No, sir. I can see the flight crew, but they are not moving.


Captain, CAG!
” Major Prechitt called.

“Talon One, Aurora Actual. Stand by one.” Nathan quickly switched channels. “Go for Captain.”


Sir, the Falcon has auto-flight that can be remotely activated, but we need to be within close proximity to her in order to do so.

“Talon One is with her now.”


I know, sir. If the Falcon can still maneuver, we should get the Aurora as close to her and properly lined up as possible. Since we don’t know the state of her flight systems, the less she has to maneuver, the better.

“Copy that,” Nathan answered. “Mister Chiles,” he called.

“On it, sir,” the helmsman answered as he pushed the Aurora to the left to prepare to turn around and come up under the damaged Falcon.

“Major, we’re swinging wide to come around up under the Falcon now. As soon as we’re in position and close enough for you to activate her auto-flight, we’ll signal you.”


Yes, sir. The Falcon launched from the starboard pad, so that’s where her auto-flight will want to set her down again.

“Wouldn’t it be easier to set her down on the flight apron?” Nathan wondered.

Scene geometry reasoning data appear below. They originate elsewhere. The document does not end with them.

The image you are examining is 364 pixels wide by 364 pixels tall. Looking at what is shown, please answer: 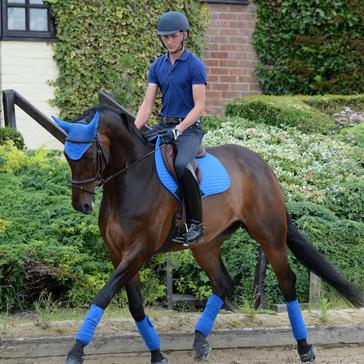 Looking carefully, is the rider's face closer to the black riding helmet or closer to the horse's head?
the black riding helmet

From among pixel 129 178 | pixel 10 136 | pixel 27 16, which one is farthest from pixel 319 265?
pixel 27 16

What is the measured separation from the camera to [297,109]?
13.9 meters

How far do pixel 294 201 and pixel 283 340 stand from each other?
2.91 m

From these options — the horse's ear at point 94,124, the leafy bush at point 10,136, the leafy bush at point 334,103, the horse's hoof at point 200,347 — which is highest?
the horse's ear at point 94,124

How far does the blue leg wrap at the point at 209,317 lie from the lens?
6.61 metres

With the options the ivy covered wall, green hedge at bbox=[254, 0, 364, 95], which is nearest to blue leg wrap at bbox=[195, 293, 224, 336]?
the ivy covered wall

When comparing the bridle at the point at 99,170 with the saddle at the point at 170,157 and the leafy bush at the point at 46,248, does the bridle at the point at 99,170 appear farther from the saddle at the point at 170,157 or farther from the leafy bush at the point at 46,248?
the leafy bush at the point at 46,248

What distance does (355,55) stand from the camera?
17.0 meters

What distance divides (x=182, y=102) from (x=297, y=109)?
306 inches

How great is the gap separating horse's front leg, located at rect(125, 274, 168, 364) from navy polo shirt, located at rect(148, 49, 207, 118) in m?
1.31

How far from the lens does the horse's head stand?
559 cm

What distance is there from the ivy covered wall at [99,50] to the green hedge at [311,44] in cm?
319

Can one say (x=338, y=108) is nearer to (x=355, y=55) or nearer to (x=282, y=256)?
(x=355, y=55)

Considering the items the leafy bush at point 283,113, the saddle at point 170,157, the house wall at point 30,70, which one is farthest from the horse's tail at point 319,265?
the house wall at point 30,70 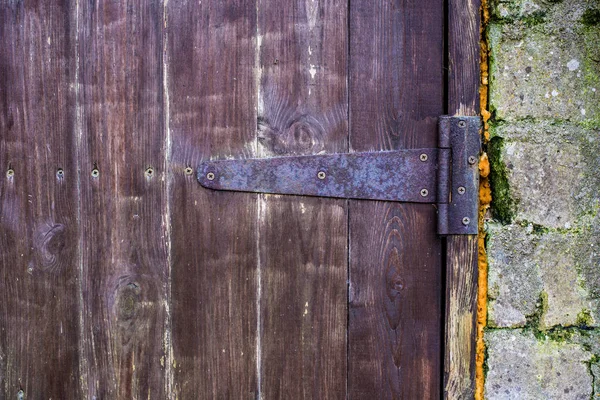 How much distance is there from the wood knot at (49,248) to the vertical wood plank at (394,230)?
616mm

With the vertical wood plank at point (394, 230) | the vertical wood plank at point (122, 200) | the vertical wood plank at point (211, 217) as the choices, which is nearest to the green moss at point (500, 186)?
the vertical wood plank at point (394, 230)

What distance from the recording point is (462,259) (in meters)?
0.90

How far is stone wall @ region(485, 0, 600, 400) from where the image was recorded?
0.86 metres

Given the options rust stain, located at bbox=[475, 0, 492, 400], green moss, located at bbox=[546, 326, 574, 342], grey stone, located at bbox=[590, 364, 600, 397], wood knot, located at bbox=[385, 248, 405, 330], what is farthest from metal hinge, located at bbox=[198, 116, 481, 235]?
grey stone, located at bbox=[590, 364, 600, 397]

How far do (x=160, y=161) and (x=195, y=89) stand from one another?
0.55 feet

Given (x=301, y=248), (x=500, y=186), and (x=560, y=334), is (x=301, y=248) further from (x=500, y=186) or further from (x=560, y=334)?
(x=560, y=334)

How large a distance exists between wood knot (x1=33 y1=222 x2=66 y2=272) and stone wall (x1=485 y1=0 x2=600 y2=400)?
0.91 m

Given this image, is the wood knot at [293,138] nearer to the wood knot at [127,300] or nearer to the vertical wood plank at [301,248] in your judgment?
the vertical wood plank at [301,248]

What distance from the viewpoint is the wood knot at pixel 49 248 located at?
37.1 inches

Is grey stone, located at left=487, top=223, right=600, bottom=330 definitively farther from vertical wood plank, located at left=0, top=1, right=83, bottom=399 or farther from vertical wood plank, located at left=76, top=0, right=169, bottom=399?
vertical wood plank, located at left=0, top=1, right=83, bottom=399

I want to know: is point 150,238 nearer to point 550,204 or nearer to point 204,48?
point 204,48

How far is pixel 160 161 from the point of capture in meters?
0.94

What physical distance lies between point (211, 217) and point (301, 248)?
200 mm

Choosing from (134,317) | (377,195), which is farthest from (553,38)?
(134,317) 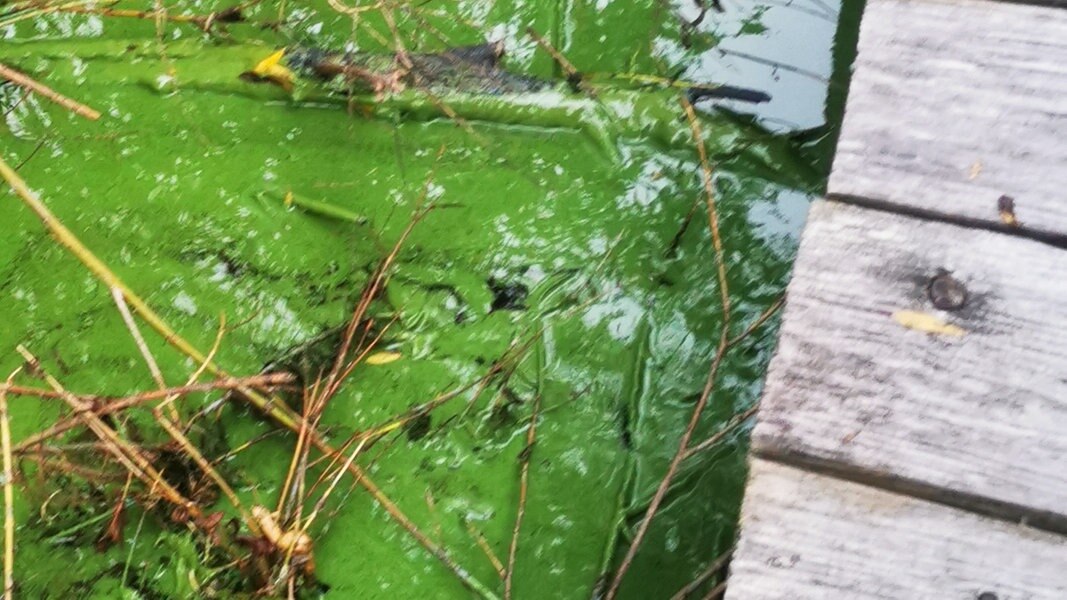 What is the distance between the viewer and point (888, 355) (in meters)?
0.88

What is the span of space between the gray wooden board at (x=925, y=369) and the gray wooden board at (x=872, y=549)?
25 mm

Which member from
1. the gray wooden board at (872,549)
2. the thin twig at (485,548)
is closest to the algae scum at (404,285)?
the thin twig at (485,548)

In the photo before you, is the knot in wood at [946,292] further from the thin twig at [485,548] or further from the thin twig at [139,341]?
the thin twig at [139,341]

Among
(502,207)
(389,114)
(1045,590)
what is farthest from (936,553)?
(389,114)

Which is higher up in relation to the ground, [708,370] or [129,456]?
[708,370]

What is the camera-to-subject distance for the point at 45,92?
1786mm

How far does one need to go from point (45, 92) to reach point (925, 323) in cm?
182

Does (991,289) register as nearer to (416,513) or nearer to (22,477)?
(416,513)

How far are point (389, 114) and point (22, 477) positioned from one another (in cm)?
105

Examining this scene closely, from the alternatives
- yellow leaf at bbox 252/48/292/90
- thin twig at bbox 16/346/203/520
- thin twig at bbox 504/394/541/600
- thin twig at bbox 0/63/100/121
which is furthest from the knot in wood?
thin twig at bbox 0/63/100/121

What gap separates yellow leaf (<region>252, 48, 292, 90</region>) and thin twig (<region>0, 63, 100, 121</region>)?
36cm

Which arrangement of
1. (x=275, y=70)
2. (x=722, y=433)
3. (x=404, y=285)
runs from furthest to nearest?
(x=275, y=70) < (x=404, y=285) < (x=722, y=433)

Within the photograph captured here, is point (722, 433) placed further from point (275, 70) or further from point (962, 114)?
point (275, 70)

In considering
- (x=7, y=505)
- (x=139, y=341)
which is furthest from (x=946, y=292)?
(x=7, y=505) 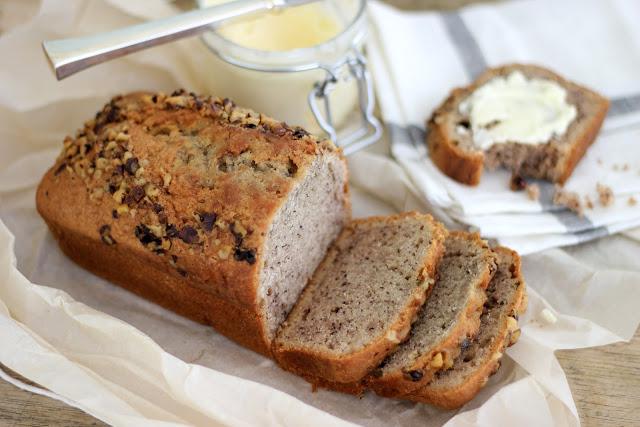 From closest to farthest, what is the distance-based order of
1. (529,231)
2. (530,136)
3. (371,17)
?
(529,231) → (530,136) → (371,17)

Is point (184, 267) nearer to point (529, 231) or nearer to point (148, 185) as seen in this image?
point (148, 185)

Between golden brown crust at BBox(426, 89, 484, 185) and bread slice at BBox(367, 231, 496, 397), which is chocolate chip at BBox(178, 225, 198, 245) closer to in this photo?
bread slice at BBox(367, 231, 496, 397)

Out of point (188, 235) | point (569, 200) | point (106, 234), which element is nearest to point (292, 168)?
point (188, 235)

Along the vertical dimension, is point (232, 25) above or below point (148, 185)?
above

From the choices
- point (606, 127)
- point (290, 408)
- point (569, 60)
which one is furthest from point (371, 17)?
point (290, 408)

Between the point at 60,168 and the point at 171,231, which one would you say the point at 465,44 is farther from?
the point at 60,168

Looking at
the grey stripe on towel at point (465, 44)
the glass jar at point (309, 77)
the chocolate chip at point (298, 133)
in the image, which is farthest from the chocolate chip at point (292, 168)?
the grey stripe on towel at point (465, 44) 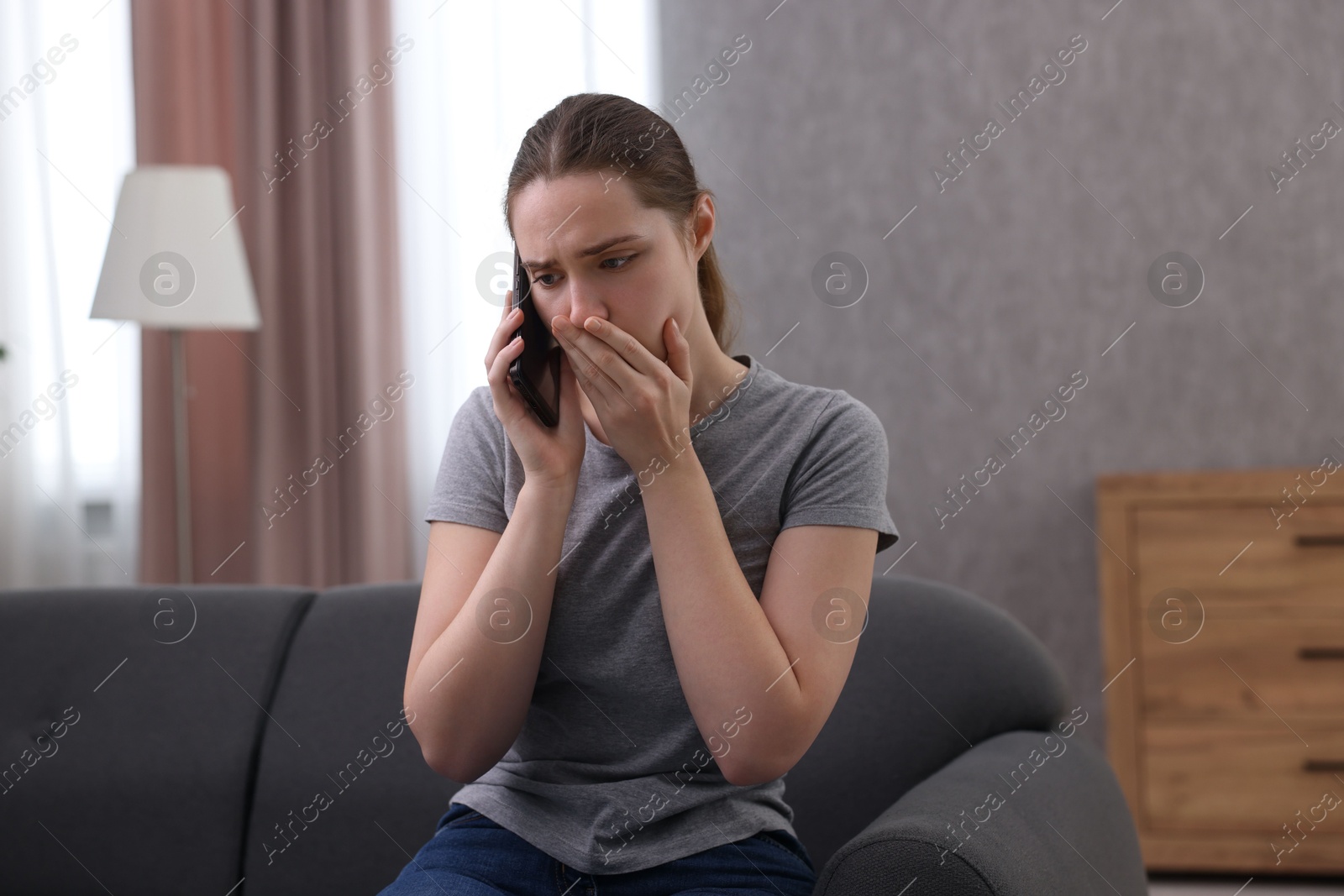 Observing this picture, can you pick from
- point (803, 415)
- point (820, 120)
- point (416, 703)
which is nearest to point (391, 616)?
point (416, 703)

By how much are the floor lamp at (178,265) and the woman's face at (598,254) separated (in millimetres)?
1545

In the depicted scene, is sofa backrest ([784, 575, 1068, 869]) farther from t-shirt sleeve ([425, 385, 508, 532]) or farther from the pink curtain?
the pink curtain

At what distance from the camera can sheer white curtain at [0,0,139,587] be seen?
2.58m

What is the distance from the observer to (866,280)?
2729mm

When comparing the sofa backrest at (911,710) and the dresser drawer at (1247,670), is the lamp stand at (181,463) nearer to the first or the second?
the sofa backrest at (911,710)

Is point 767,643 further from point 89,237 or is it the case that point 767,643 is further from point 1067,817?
point 89,237

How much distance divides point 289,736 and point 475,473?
19.9 inches

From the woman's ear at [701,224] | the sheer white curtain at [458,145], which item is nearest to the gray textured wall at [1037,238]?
the sheer white curtain at [458,145]

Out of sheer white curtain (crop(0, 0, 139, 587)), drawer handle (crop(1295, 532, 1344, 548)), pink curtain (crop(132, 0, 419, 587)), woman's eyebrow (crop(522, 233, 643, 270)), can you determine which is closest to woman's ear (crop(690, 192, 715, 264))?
woman's eyebrow (crop(522, 233, 643, 270))

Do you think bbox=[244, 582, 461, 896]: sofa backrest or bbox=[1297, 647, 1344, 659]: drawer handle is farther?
bbox=[1297, 647, 1344, 659]: drawer handle

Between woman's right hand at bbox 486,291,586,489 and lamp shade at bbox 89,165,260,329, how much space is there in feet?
5.01

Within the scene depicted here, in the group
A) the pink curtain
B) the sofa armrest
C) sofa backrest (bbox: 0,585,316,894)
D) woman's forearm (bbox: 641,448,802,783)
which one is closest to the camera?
the sofa armrest

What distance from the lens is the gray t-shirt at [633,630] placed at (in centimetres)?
100

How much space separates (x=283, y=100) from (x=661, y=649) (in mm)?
2226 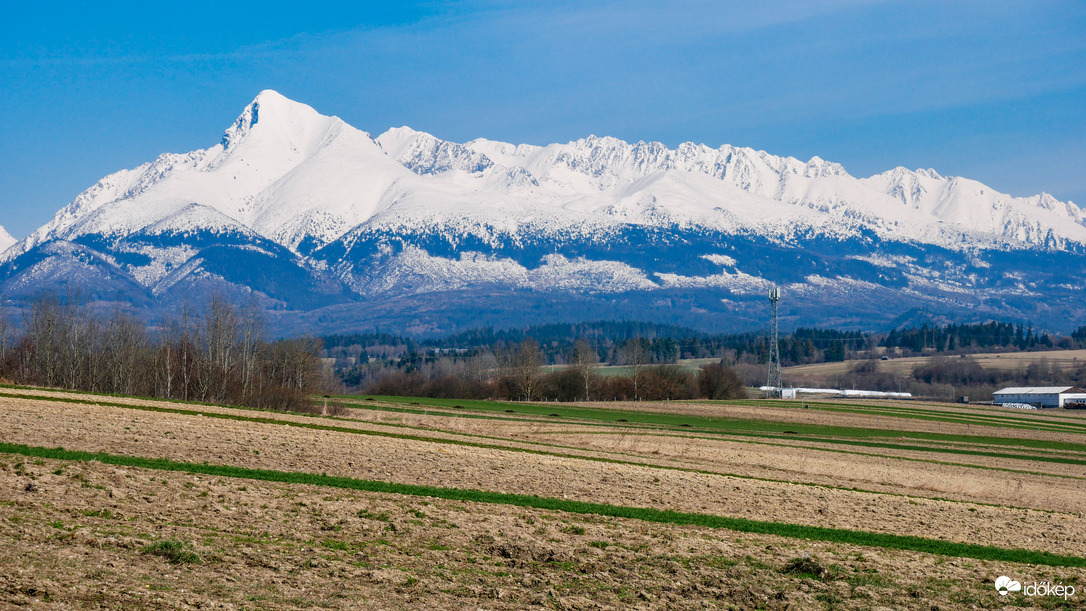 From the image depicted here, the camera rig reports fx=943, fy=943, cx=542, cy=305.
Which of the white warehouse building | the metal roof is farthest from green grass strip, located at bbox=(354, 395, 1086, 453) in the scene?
the metal roof

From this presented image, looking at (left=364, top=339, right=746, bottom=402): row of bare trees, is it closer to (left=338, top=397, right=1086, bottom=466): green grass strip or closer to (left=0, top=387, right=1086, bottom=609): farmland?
(left=338, top=397, right=1086, bottom=466): green grass strip

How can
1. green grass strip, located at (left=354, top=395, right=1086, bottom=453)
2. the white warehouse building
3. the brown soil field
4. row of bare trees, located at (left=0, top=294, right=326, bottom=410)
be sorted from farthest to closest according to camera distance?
1. the white warehouse building
2. row of bare trees, located at (left=0, top=294, right=326, bottom=410)
3. green grass strip, located at (left=354, top=395, right=1086, bottom=453)
4. the brown soil field

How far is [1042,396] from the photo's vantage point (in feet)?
583

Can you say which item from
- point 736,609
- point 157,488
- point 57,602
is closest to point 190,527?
point 157,488

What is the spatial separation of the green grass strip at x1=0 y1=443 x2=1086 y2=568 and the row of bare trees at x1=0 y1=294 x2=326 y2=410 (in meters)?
50.7

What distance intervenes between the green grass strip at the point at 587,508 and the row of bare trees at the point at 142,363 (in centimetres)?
5075

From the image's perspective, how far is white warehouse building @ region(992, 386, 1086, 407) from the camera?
17525 cm

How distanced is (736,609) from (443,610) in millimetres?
6054

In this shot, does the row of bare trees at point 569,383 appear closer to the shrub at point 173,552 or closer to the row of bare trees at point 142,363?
the row of bare trees at point 142,363

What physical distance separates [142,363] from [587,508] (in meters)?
76.2

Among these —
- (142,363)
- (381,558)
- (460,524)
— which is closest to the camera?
(381,558)

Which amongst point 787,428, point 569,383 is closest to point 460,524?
point 787,428

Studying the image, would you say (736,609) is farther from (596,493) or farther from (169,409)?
(169,409)

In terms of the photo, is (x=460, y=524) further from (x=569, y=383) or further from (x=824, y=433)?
(x=569, y=383) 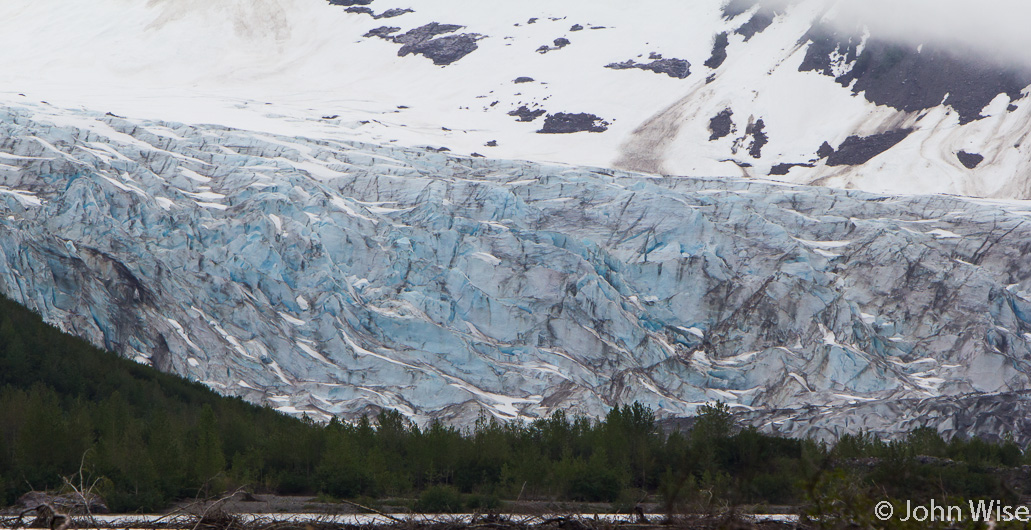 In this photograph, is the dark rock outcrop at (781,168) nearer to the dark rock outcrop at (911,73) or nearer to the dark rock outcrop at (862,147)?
the dark rock outcrop at (862,147)

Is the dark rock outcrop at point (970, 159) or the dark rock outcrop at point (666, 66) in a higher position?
the dark rock outcrop at point (666, 66)

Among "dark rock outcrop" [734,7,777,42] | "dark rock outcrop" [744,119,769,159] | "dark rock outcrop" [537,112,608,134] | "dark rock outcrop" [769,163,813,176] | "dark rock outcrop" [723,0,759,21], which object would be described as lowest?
"dark rock outcrop" [769,163,813,176]

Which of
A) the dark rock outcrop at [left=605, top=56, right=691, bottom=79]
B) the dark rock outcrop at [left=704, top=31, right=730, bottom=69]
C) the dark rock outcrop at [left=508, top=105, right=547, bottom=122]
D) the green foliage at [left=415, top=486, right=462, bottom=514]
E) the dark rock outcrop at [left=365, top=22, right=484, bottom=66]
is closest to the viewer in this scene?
the green foliage at [left=415, top=486, right=462, bottom=514]

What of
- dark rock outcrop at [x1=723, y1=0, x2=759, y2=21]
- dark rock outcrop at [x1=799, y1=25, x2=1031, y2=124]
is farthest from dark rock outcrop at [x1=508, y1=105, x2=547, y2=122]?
dark rock outcrop at [x1=723, y1=0, x2=759, y2=21]

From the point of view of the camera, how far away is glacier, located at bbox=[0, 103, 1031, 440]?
42.6m

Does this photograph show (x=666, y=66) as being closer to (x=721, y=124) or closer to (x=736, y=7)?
(x=721, y=124)

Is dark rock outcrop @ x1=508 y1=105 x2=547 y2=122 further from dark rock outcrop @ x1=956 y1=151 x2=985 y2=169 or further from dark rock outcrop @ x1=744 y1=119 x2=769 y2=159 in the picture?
dark rock outcrop @ x1=956 y1=151 x2=985 y2=169

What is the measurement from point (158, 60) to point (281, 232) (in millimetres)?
47988

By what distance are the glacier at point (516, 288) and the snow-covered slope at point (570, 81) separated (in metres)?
14.1

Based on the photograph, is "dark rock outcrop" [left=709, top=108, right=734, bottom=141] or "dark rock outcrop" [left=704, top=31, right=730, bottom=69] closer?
"dark rock outcrop" [left=709, top=108, right=734, bottom=141]

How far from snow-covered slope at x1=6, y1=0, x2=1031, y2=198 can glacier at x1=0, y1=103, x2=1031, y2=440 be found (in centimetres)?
1414

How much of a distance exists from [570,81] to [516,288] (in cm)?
4463

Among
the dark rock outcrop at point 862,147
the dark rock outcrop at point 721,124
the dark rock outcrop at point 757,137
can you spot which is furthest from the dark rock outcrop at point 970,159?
the dark rock outcrop at point 721,124

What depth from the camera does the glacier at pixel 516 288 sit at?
42.6 meters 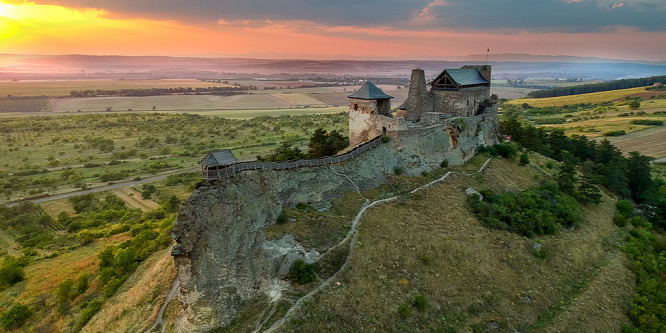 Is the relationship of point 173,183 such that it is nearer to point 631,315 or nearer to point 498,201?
point 498,201

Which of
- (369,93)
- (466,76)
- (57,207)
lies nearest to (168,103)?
(57,207)

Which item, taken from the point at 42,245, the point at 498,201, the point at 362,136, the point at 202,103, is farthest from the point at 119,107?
the point at 498,201

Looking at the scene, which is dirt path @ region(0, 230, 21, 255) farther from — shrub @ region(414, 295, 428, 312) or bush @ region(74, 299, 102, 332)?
shrub @ region(414, 295, 428, 312)

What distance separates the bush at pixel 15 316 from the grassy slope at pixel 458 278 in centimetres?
2557

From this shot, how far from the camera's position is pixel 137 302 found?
26.9 metres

Yes, sir, but we don’t know the extent of her damage. If we start trying to remotely manipulate her, we might cause more problems. Safest bet is to let the auto-flight put her back on the starboard pad. Besides, we can get her into pressure faster that way.

“Understood. Tell your fighters to back off and give us room.”


Aye, sir.

“Maybe it would be best if you let the rescue team handle it,” Master Chief Montrose told Marcus.

“What would be best would be for you to get the fuck outta my way unless you like having a broken nose,” Marcus said in all sincerity.

The chief of the boat looked the senior chief in the eyes. He knew his threat was serious. He also knew he could kick the senior chief’s ass without breaking a sweat. And he knew that if it was his kid, he’d feel the same way. “Very well, Marcus. Meet the rescue team on the gun deck. They’re gonna intercept the Falcon as she passes.”

“Thanks,” Marcus grumbled.

“They know what they’re doing, Senior Chief, so don’t get in the team’s way, or you could cost your boy his life.”

Marcus didn’t answer the master chief but turned and ran out the door on his way to the gun deck.